In Occitan-Gascon the word magret —from the latin magre, literally means “lean”. It is definitely the leanest piece of the canard gras — that is the fattened moulard duck raised for foie gras. To make moulard ducks fat, force-feeding is required for a few weeks.

A bas relief depiction of overfeeding geese

This ancient technique seems to be referenced as far back as the 5th century BC. The Moulard duck is a hybrid cross of Pekin and Muscovy duck. Do not confuse Moulard with the very lean wild Mallard duck.

magret

The magret is the breast that is detached from the carcass once the liver had carefully being extracted. In the canard gras nothing goes to waste. The skin is rendered for fat; the fat is then used to simmer the legs and manchons (wings). Once cooked this meat is known as le confit. Le confit is then stored in earthenware pots, covered with fat to seal it, and used throughout the winter in various preparations. The hearts (look here), livers, gizzards are pan fried with garlic and parsley, the carcasses (called “demoiselles” —or the misses) & tongues are grilled in the fireplace for snacks.

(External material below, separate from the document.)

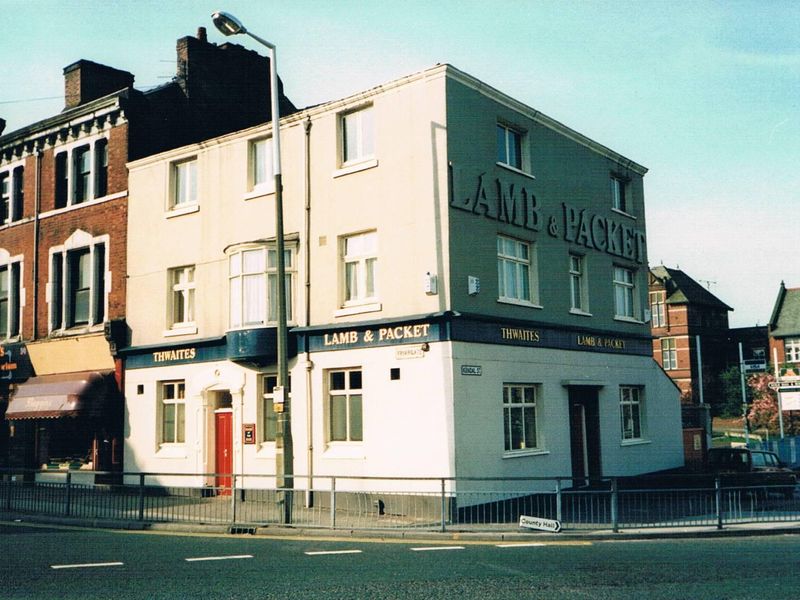 Lamb & Packet (Jim Holderness). Published on 12-04-2022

Speaking of carcasses: in 1990, while  doing an internship at the Daguin’s restaurant I witnessed a “concours de demoiselles” organized by the Château St. Mont in Plaimont (Gers). The goal of the “carcass eating/cleaning contest” is to eat as many demoiselles as possible in the least amount of time while leaving the bones clean as a whistle. The winner then stepped on a Roman scale and the opposite pan was filled with cases of Château St. Mont wine until it balanced!

carte tour Eiffel

Another anecdote related to magret took place at the top floor restaurant of the Eiffel Tower in December of 1967. Jean & Renée Peyrafitte, my parents, & André & Jo Daguin, Ariane’s parents, were handed over the restaurant for La Quinzaine Midi-Pyrénées à la Tour Eiffel —two weeks of French Southwest fare in the skies of Paris — kind of the birth/ recognition of Cuisine du Terroir. I didn’t get to go, but I was 8 years old and I still remember all the excitement. The opening event was a banquet for the food writers and VIP’s. One of the most exciting items on the menu was the newly ‘dressed’ magret de canard. The magrets had been shipped from the Gers to arrive just on time, but on the morning of the event they had not yet arrived. The magrets were replaced with lamb and as in the Vatel story —though unlike Vatel my dad & André Daguin kept their calm and didn’t need to end their lifes over the problem— the magrets arrived during the luncheon. André Daguin, who like his daughter is never short of a creative idea when it comes to p.r., announced to the press that the magrets had just arrived; he showed them what they looked like, explained how to prepare them and one their way out all the diners were handed a magret wrapped in foil.  They got many write-ups, lot of word of mouth publicity and the restaurant was packed for the two full weeks!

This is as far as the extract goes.